Highlights of the November Sky 2019


• NOV 1 –  The waxing crescent moon is just to the west of Saturn.   Jupiter lies just a bit further west of the moon.   Both the moon and Jupiter straddle the summer Milky Way.









• NOV 2 –  Tonight, the crescent moon is now to the east of Saturn.







On this day in 1917, the Mount Wilson 100 -inch telescope sees “first light”. First light is when a telescope is used to make its first observation of a celestial object. Conceived by George Ellery Hale, the 100-inch Hooker Telescope, was the worlds largest telescope from 1917 to 1949. Edwin Hubble used the telescope to discover that the Andromeda Galaxy lay outside our own Milky Way and that the universe is expanding. During the 1930’s, astronomer Fritz Zwicky discovered evidence for dark matter while using the telescope.

Standard time begins, don’t forget to set your clocks back by one hour.


• NOV 3 –  The Soviet Union’s Sputnik 2 carried the dog Laika into space, the first living creature to orbit the Earth.

• NOV 4 –  The moon is now at first quarter phase.




• NOV 6 –  In 1572, Tycho Brahe records seeing a supernova in the constellation of Cassiopeia.

• NOV 7 – The moon is at apogee, its most distant point in its orbit from Earth at 2:36 AM CST, at a distance of 251,691 miles away.



• NOV 8 –  Sir Edmond Halley was born this day in 1656. His contributions to physics and astronomy are multitude. After viewing a transit of Mercury, he realized that, with a transit of Venus, one could determine the distance between the Earth and the Sun. The principle is fairly straightforward: 1) establish a baseline between two observers on opposite sides of the Earth. Due to the wide distance, each observer will see Venus transit the solar disc at different points on the Sun’s face 2) each observer then measures the timing and the angular difference in Venus’s path across the solar disc 3) by comparing notes and applying trigonometry, the observers can work out the distance to Venus and 4) by using known relative distances it then becomes possible to work out the distance to the Sun. This allowed us to determine the size of the solar system. Halley also worked out the orbits of comets, including the famous one that bears his name and passes through the solar system once every 75 years. He cataloged many stars in the southern hemisphere and arranged for the publication of Sir Isaac Newton’s “Principia”, the single most important scientific publication in history. Halley also served as Royal Astronomer from 1720 until his death, becoming the second person to hold that honored position.

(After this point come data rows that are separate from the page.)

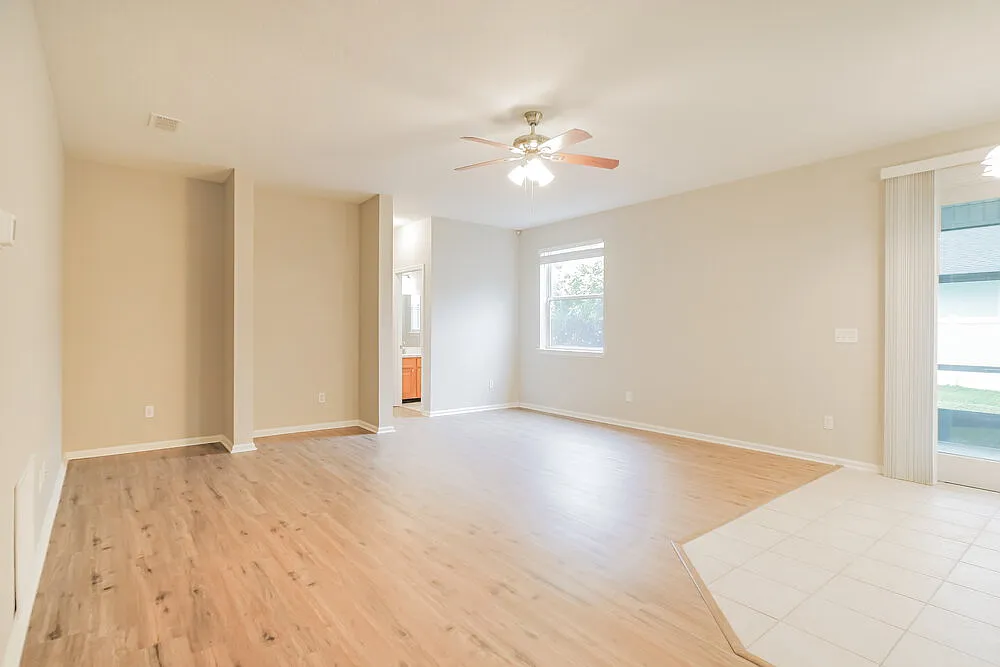 4 bed, 2.5 bath, 2479 sqft, $3,270 — Photo 4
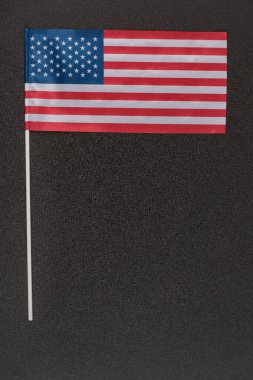 Amerikan bayrağı. Siyah arka planda ABD bayrağı. ABD 'nin ulusal sembolü. Dikey çerçeve.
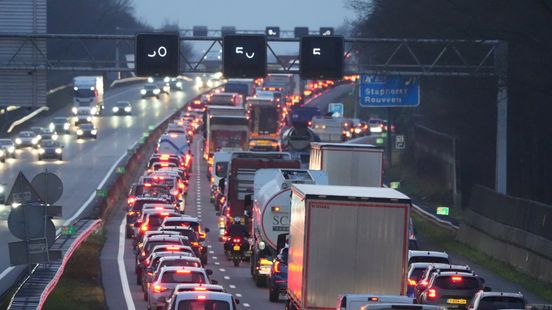 Ruim tien kilometer file op A28 richting Zwolle na ongeluk. Ruim tien kilometer file op A28 richting Zwolle na ongeluk.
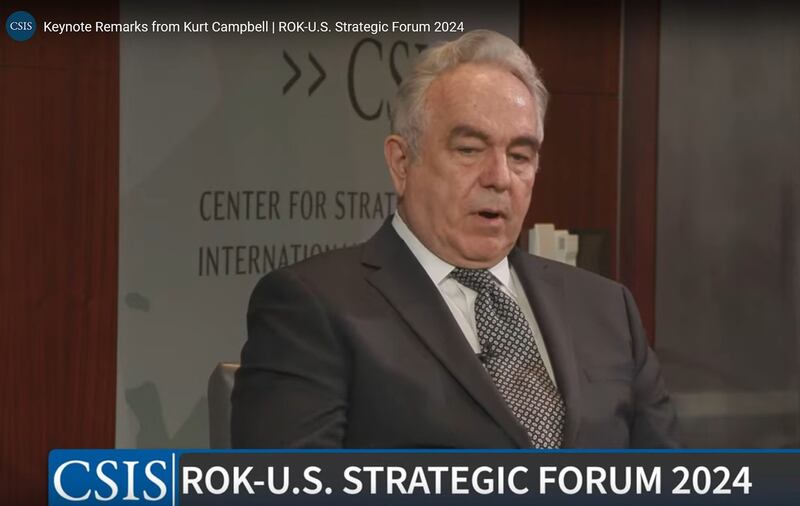 美国副国务卿坎贝尔（Kurt Campbell）在论坛上指出，中国在朝鲜与俄罗斯的深化合作中感到不安。（视频截图/国际战略研究中心官网）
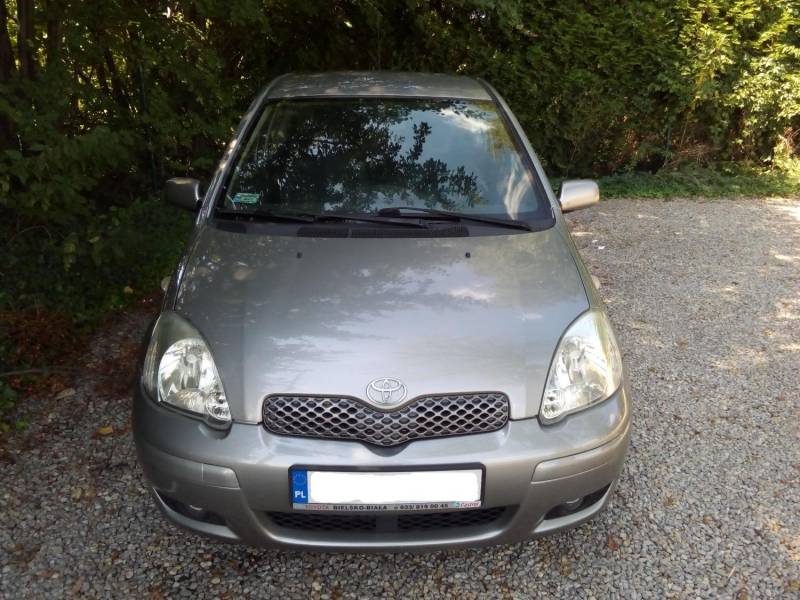 ox_toyota-yaris-2005-r-lift-13-87km-klimatyzacja-przebieg-88-tys-km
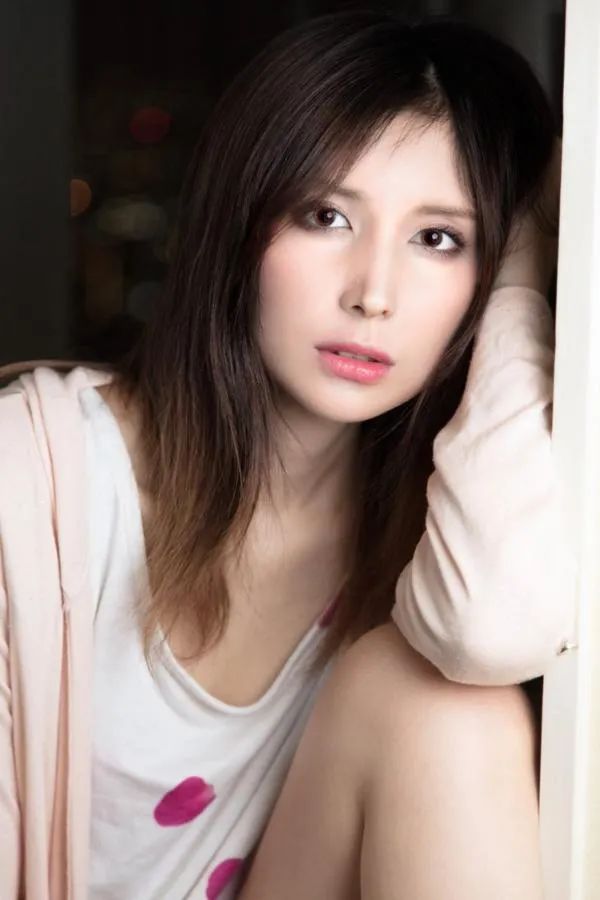 90后美女仲村美宇 仲村みう充满神秘色彩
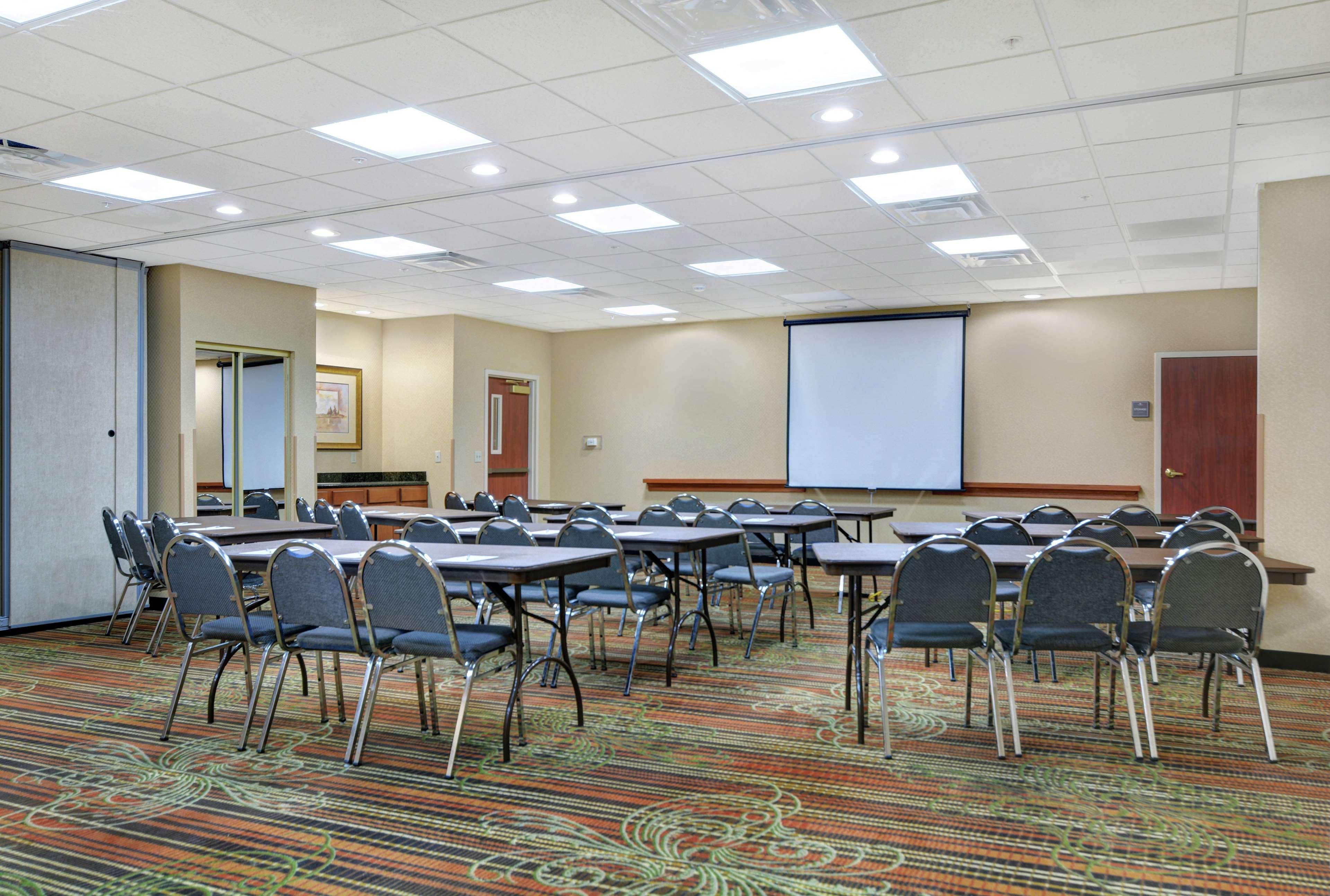 Hampton Inn Файетвил Екстериор снимка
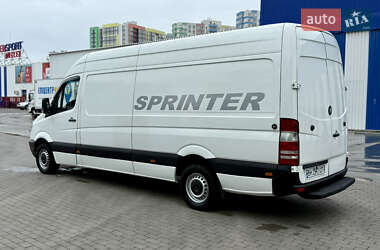 Грузовой фургон Mercedes-Benz Sprinter 2007 в 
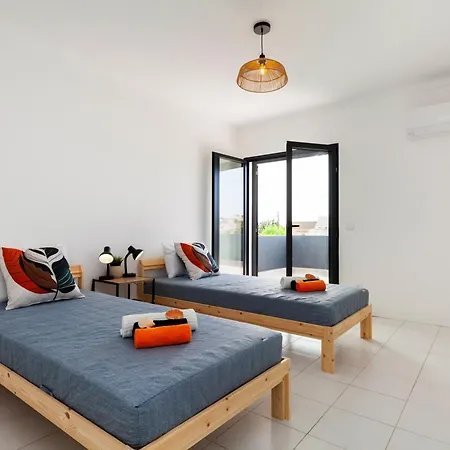 Solarys - Moradia Moderna Com Piscina Aquecivel Em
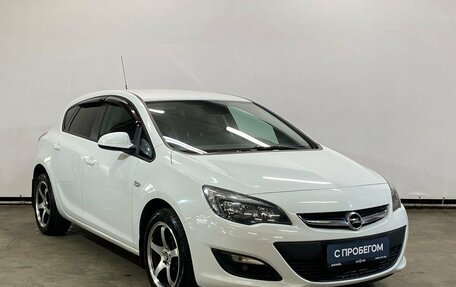 Opel Astra J, 2014 год, 955 000 рублей, 3 фотография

• NOV 11 –  SPECIAL OBSERVING TREAT: The planet Mercury will pass across the face of the Sun. Here in Little Rock, that begins at 6:39 AM, reaches its midpoint at 9:20 AM, and then ends by 12:04 PM for a total of 5 hours and 25 minutes. You will need a solar filtered telescope to see the event. See the monthly feature for more details.





• NOV 12 Moon is at full phase.

On this day in 2014, the European Space Agency’s Philae probe became the first spacecraft to land upon a comet, 67P/Churyumov–Gerasimenko.





• NOV 15 –  Famed English astronomer, Sir William Herschel was born this day in 1738. Aside from conducting a comprehensive deep sky survey which, with the aid of his sister Caroline, led to the New General Catalog of deep sky objects, Herschel also conducted numerous observations of double stars and discovered the planet Uranus (which resulted in his appointment as court astronomer by King George III).

• NOV 17/18 –  The Leonid meteor shower peaks, unfortunately, the waning moon will spoil the view.

• NOV 19 – The moon is at last quarter.     Apollo 12 became the second manned spacecraft to successfully land upon the moon.

• NOV 20 –  Edwin Hubble was born this day in 1889.


• NOV 23/24 SPECIAL OBSERVING TREAT: At around 6:00 PM CST, get outside and look low along the western horizon to see a splendid conjunction between the planets Venus and Jupiter. No optical aid needed!


At 1:41 AM CST, the moon reaches perigee, its closest point in its orbit to Earth, at a distance of 227,867 miles away.





• NOV 24 –  Before sunrise, get outside and look east to see the waning crescent moon and Mars forming a conjunction in the eastern sky.

• NOV 26 –  The moon is now at new phase.






• NOV 28 SPECIAL OBSERVING TREAT: Yet another great conjunction, this time involving a thin crescent moon, Venus, and Jupiter. Look westward right after sundown, low to the horizon, and see if you can catch this solar system trio. No optical aid needed.








  • NOV 30 –  Free public star party at Woolly Hollow State Park, 82 Woolly Hollow Rd., Greenbrier, AR. Join members of the Central Arkansas Astronomical Society for their last star party of the year. Look through their telescopes to see the many wonders currently overhead, learn about the constellations, deep sky objects, and more. Fun and family friendly!